1 Introduction

The design of a control system for an airbreathing hypersonic vehicle (AHV) is a challenging task due to the inherently nonlinear dynamics, such as strong couplings between the engine and flight dynamics [1, 2], variation of atmospheric conditions as well as physical and aerodynamic parameters [2, 3], nonminimum phase behavior [4, 5], etc.

In the past decades, the study of AHV mainly concentrates on altitude, velocity, and attitude control. The attitude control problem is discussed in [610]. In this paper, the velocity and altitude control problem is considered, which will be presented as follows.

Up to date, many meaningful results have been reported for the longitudinal model of an AHV. Based on the model obtained by approximate linearization in given flight conditions, some control methods are available in the literature, for example, linear stochastic robust control [11], guaranteed cost control [12], and multiobject fault-tolerant control [13]. Although these methods can improve the performance of system from different aspects, thus designed controllers may cause unsatisfactory performance when operating states are far from selected operating points. To further improve the control performance of system, many nonlinear control strategies based on a nonlinear model have been proposed for the longitudinal mode in the last decades, including adaptive control [1416], robust control [17, 18], H control [19], sliding mode control [3, 20], fuzzy-logic control [21, 22], neural-network control [2325], and so on.

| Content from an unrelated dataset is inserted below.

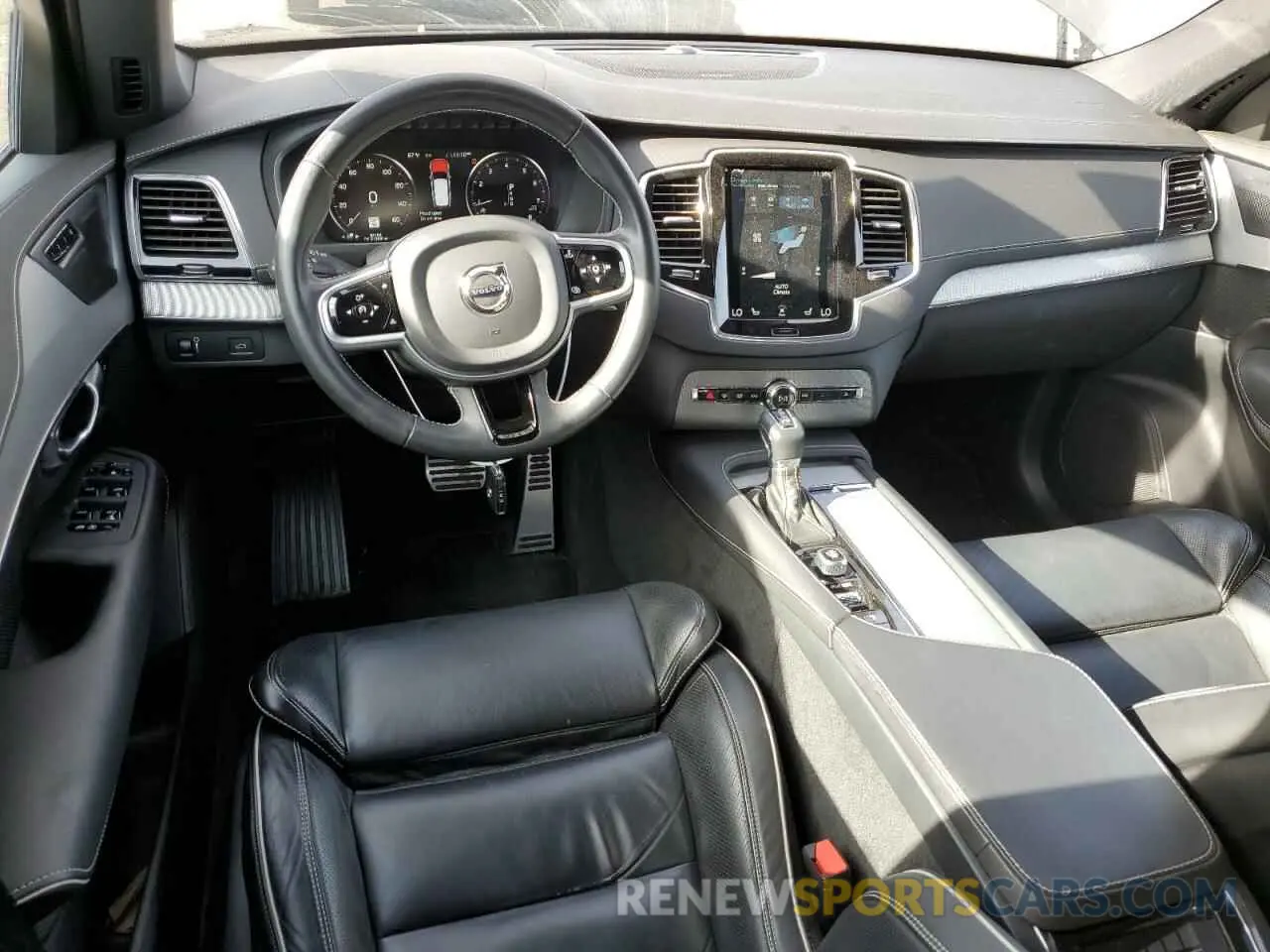 8 fotografías del automóvil dañado YV4102PM3M1726893 VOLVO XC90 2021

It is well known that sliding mode control is an efficient method to deal with nonlinear perturbations, external disturbances and parametric uncertainties. Thus, such method can make the closed-loop system has a good robust and disturbance rejection performance. Generally, in most of the sliding mode control schemes for nonlinear systems, a linear sliding mode surface is employed to design a controller [26, 27]. However, such linear sliding mode only guarantees system states converge to an equilibrium point in infinite time.

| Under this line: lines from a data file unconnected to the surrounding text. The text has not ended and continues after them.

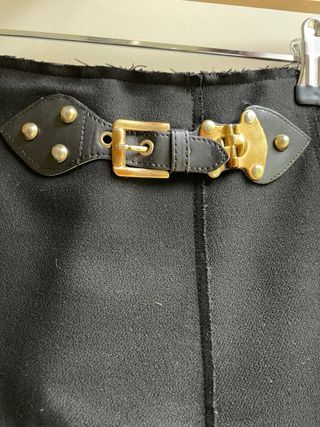 Falda mini negra, tablas en abertura fluida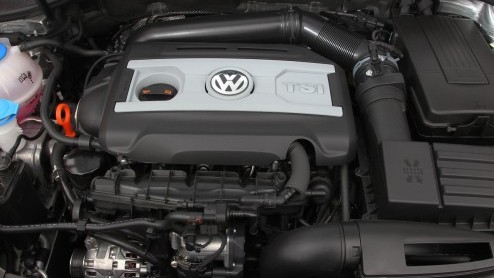 Volkswagen heeft nagedacht. Wat nou als we het genot van cabriorijden combineren met het rijplezier van een GTI. Zou de Golf GTI Cabriolet dan dubbele pret opleveren? Tijd om die vraag te bevestigen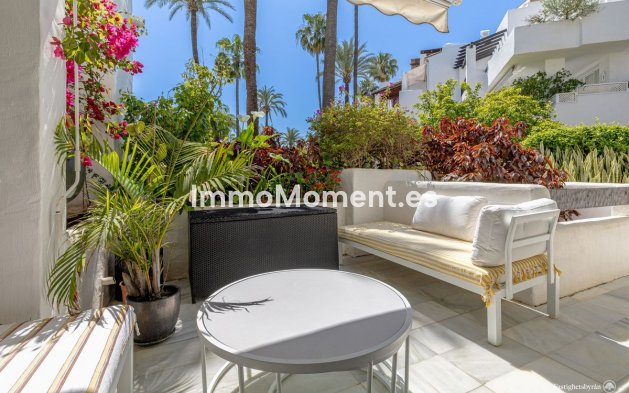 Resale - Apartment - Estepona - Estepona Centro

In order to enhance the convergence speed of a sliding mode control system, a solution is to employ nonlinear sliding mode manifolds. One of such manifolds is the terminal sliding mode (TSM). TSM control can guarantee system state convergence to an equilibrium point in finite time, which is different from conventional sliding mode control. Besides an advantage of finite time convergence, TSM control also has a better disturbance rejection performance. Hence, TSM has been widely applied to kinds of fields, for instance, spacecraft control systems [28], robotic control systems [29], missile control systems [30, 31], etc. However, the TSM controller may cause the closed-loop system to be singular. To avoid a singularity problem, a switching control technique is employed in [32]. This control scheme can drive the trajectory to a specified open region in which the terminal sliding mode control is not singular. However, it does not fundamentally solve the singular problem. To this end, a nonsingularity TSM is designed in [29], but this result is only used in a second-order system. For a kind of higher order systems, a kind of finite time integral sliding mode is presented in [33].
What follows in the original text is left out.